A estes, acresce a estampagem e a tradicional maquinação CNC (fresagem ou torneamento), essencial para garantir as dimensões pré-definidas de cada peça do quadro antes do processo de soldadura. Esta, por seu lado, pode ser robotizada ou manual. A tecnologia escolhida (MIG/MAG, TIG, brasagem, plasma ou laser, por exemplo), vai depender dos requisitos técnicos do projeto, dos volumes de produção e, claro, do material.
Depois de soldados, os quadros são sujeitos a tratamento de superfície - e, eventualmente, térmico –, pintados e submetidos a controlo de qualidade para garantir a conformidade da geometria final e, por exemplo, dos cordões de soldadura.
À capacidade instalada em território nacional, junta-se a vontade política de fazer deste setor uma bandeira da reindustrialização verde da Europa.

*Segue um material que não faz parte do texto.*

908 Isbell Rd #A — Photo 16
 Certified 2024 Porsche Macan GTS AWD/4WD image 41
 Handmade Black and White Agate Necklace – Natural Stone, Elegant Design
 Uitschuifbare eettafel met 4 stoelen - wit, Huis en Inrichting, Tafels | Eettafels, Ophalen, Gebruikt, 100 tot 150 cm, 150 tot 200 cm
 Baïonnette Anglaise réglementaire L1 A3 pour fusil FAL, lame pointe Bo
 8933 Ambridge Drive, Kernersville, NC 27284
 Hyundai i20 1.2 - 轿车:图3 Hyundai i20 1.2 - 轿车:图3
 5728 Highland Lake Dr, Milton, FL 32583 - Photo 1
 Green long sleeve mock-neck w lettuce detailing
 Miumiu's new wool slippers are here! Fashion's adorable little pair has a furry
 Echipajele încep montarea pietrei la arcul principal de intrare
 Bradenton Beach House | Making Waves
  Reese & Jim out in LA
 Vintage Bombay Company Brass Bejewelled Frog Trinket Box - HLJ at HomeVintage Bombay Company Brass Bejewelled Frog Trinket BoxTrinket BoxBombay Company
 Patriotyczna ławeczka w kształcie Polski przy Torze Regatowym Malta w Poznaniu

Na sessão plenária de 16 de fevereiro de 2023, pela primeira vez, o Parlamento Europeu adotou uma resolução que visa duplicar o uso de bicicletas na Europa até 2030. Os deputados reconheceram que, no caminho para a neutralidade carbónica, é "urgente e necessário" oferecer mais apoio à indústria de bicicletas, que se pode traduzir em financiamento de projetos de I&D&I, na diminuição generalizada do IVA das bicicletas por toda a Europa e no desenvolvimento de infraestruturas adequadas como ciclovias, parques dedicados a este tipo de transporte e postos de carregamento para as elétricas. Além disso, os países da UE serão incentivados a aumentar os apoios dados às populações para a compra de bicicletas.
Em declarações à imprensa internacional, Manuel Marsilio, diretor geral da CONEBI, assegura que "esta é uma oportunidade histórica para o crescimento do setor e um claro reconhecimento do seu papel crucial no ecossistema da mobilidade, dentro da estratégia industrial da UE”. Para as empresas portuguesas das duas rodas, esta pode ser uma das melhores notícias dos últimos tempos.